How to Build a CSV Upload API (Node.js & Express)

Build a CSV Upload API with Node.js and Express

A CSV upload endpoint sounds simple until you're debugging why row 47,832 silently failed at 3am. The file parsed fine locally. The validation passed. But somewhere between multipart form data and your database, things went wrong.

This tutorial shows you how to build a CSV upload API that actually handles edge cases. We'll cover file uploads with Multer, streaming CSV parsing with PapaParse, row-level validation, and batch database inserts. By the end, you'll have a production-ready endpoint—not a demo that breaks on the first real file.

What We're Building

A REST API endpoint that:

Accepts CSV files via multipart form-data
Validates file type and size before processing
Parses CSV data with proper error handling
Validates each row against a schema
Inserts records to PostgreSQL in batches
Returns detailed success/error responses

The full working code is at the end. But understanding why each piece exists matters more than copying it.

Prerequisites

You'll need Node.js 18+ and a PostgreSQL database. We'll use these packages:

npm install express multer papaparse pg zod
npm install -D @types/node @types/express @types/multer typescript

Why these choices:

Multer handles multipart uploads without reinventing file handling
PapaParse streams CSV parsing (memory-efficient for large files)
Zod validates rows with TypeScript inference
pg for PostgreSQL (swap for your database)

Step 1: Basic Express Setup with File Upload

Start with a minimal server that accepts file uploads:

// server.ts
import express from 'express';
import multer from 'multer';

const app = express();

// Configure multer for memory storage
const upload = multer({
  storage: multer.memoryStorage(),
  limits: {
    fileSize: 10 * 1024 * 1024, // 10MB limit
  },
  fileFilter: (req, file, cb) => {
    if (file.mimetype !== 'text/csv' && !file.originalname.endsWith('.csv')) {
      cb(new Error('Only CSV files allowed'));
      return;
    }
    cb(null, true);
  },
});

app.post('/api/upload', upload.single('file'), (req, res) => {
  if (!req.file) {
    return res.status(400).json({ error: 'No file uploaded' });
  }

  // File buffer is in req.file.buffer
  res.json({
    message: 'File received',
    size: req.file.size,
    originalName: req.file.originalname
  });
});

app.listen(3000, () => {
  console.log('Server running on port 3000');
});

The memoryStorage option keeps the file in memory as a Buffer.
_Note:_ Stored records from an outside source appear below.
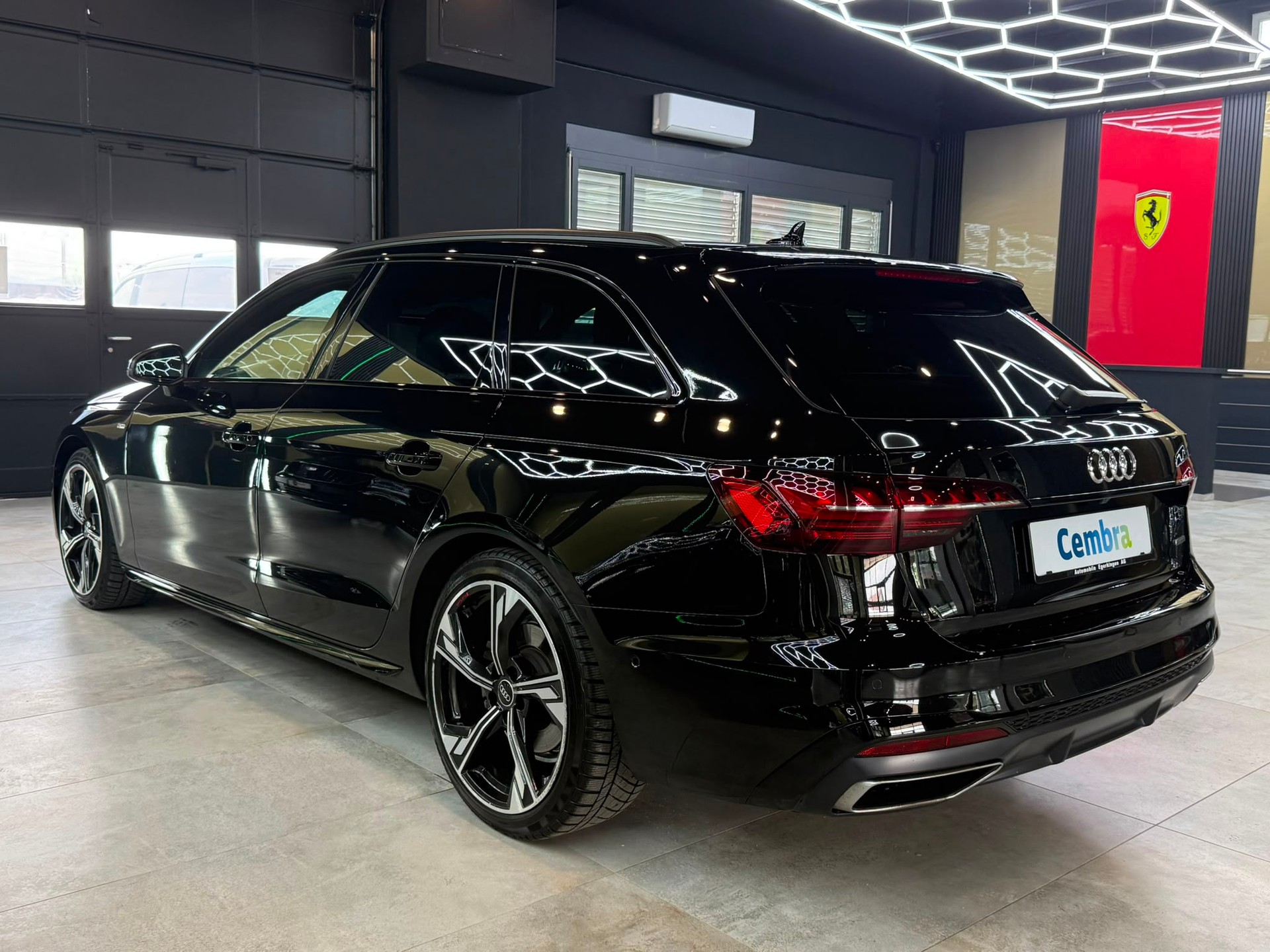 AUDI A4 Avant 40 TDI S line Attraction quattro S-tronic-image-6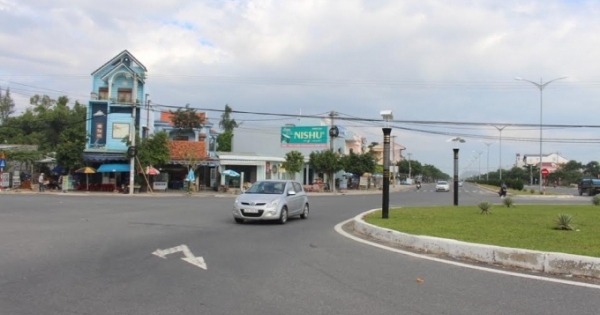 Quảng Nam: Vòng xoay nút giao thông “lấn” đường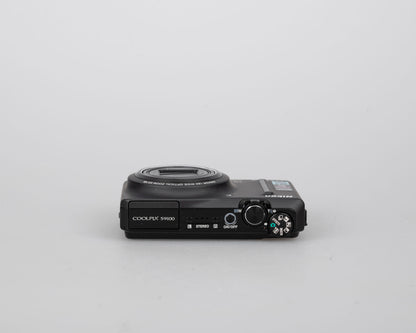 Appareil photo numérique Nikon Coolpix S9100 12,1 MP avec batterie + câble de charge USB (utilise des cartes SD)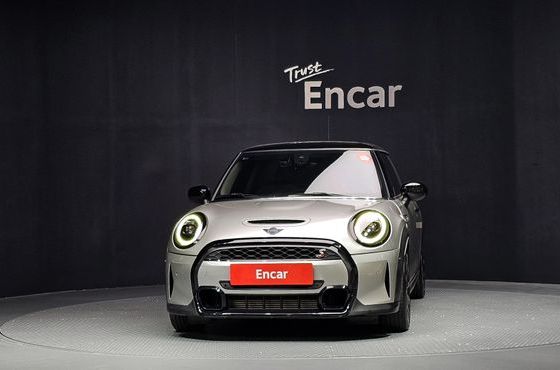 Mini Cooper Classic Launch Pack Third Generation — пробег 53 512 км — фото 3 из 5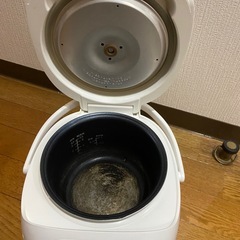 炊飯器の画像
For files under 50MB, this is fine. For larger files, you'd use disk storage and stream from there—but that's a different tutorial.

Test it:

curl -X POST http://localhost:3000/api/upload \
  -F "file=@./users.csv"

Step 2: Parse the CSV Data

Now we parse the uploaded buffer. PapaParse handles the CSV quirks you don't want to think about—quoted fields, escaped commas, different line endings.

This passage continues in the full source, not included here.